No! At least not in SchH. The same finish and about turn must be used throughout the routine. Doesn't matter which one you use, but it must be consistent. You can't do one turn at one part of the pattern and a different one at a different part of the pattern.

Not sure about SDA as I don't see it specified in their rules, but I would expect it's the same.


----------



## Liesje (Mar 4, 2007)

OK, I'll just use the same one. I can see myself practicing and practicing the pivot and then doing around the back for the trial, lol.


----------



## Mark B (Feb 3, 2009)

Use the one the dog does the best in schutzhund. You want to get the most points possible.

Mark
http://www.ultimatekanine.com


----------



## Liesje (Mar 4, 2007)

Does anyone have any YouTubes showing the pivot style turns pretty close up? I've been looking through some but a lot of heeling routines I found were filmed from far away. I'd like to see some really nice ones. Mals are fine.

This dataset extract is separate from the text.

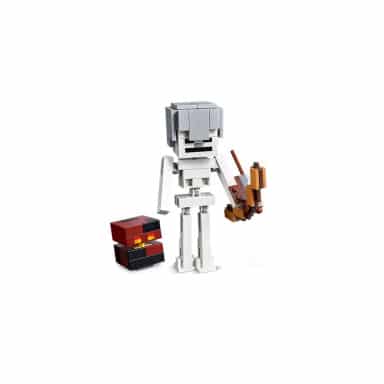 LEGO 21150 Minecraft BigFig — szkielet z kostką magmy – zdjęcie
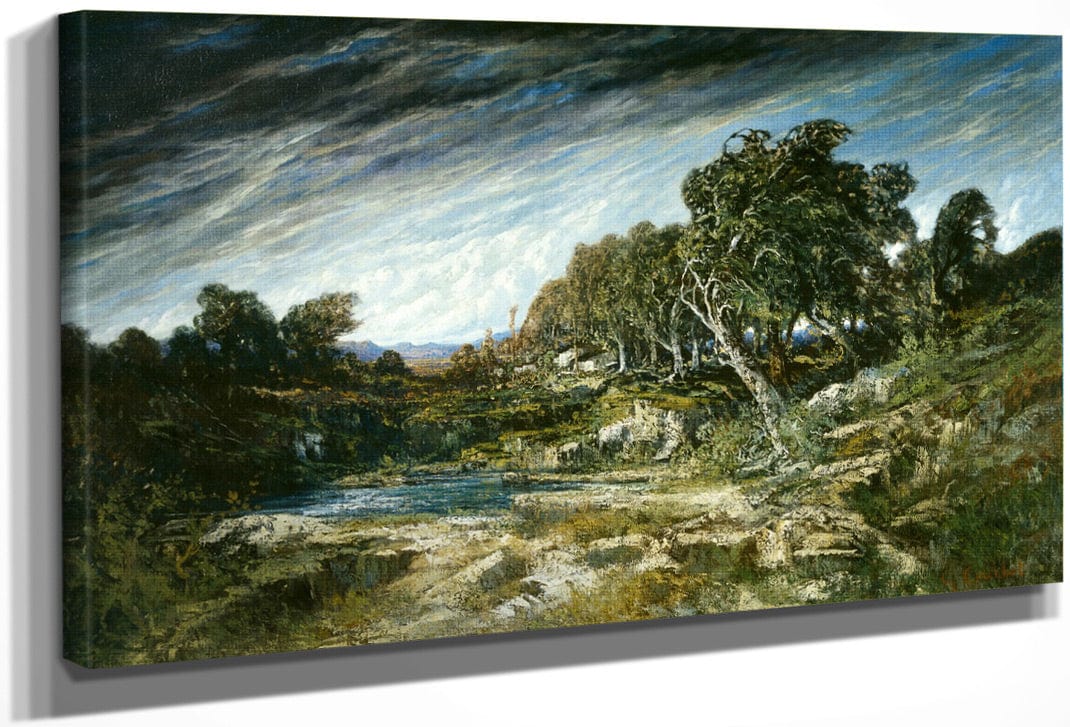 The Gust Of Wind, C. 1865 By Jean Desire Gustave Courbet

Today I tried going back to the 'round the back but didn't like it, it wasn't tight at all and I am such a clutz with leashes. I just KNOW I would get nervous and drop it or tangle it during a trial. So I guess I'll try the pivot style since we need it for rally, and if it's not the greatest, oh well, I'm not out to be winning (this dog is not doing SchH beyond the BH or the SDA FO and OB1). Rally gives us more leeway so even a somewhat decent SchH pivot would probably not lose us points in rally.


----------



## Mark B (Feb 3, 2009)

John Soares has a good one on youtube

Mark
http://www.ultimatekanine.com


----------



## Liesje (Mar 4, 2007)

Thanks, I'm watching the one with the Mal


----------



## Mark B (Feb 3, 2009)

this is the one i was talking about.

http://youtube.com/watch?v=PhUiZSLFreY

Mark
http://www.ultimatekanine.com


----------



## ramgsd (Jun 9, 2007)

If your dog maintaims perfect heeling position then just choose which you feel more comfortable with doing. Although, how many dogs maintain PERFECT heeling position? Not many, most will either lag a little or forge a little. 

If the dog forges a little always go with the round-about turn. This will make for a faster turn since he's already on his way to begin with. 

If the dog lags behind slightly, then go with the pivot. He's already closer to the position. Making him do the round-about will make him cover more ground from the start to the finish of the turn. So he'll end up nearly running to get back in postion and the judge can't help but notice.


----------



## Liesje (Mar 4, 2007)

^ Good point. Generally if anything, she lags. She doesn't usually forge. If she's really excited or anxious she might wrap in front of me and crowd me, in which case I often throw in a left turn to bump her back where I want her.


----------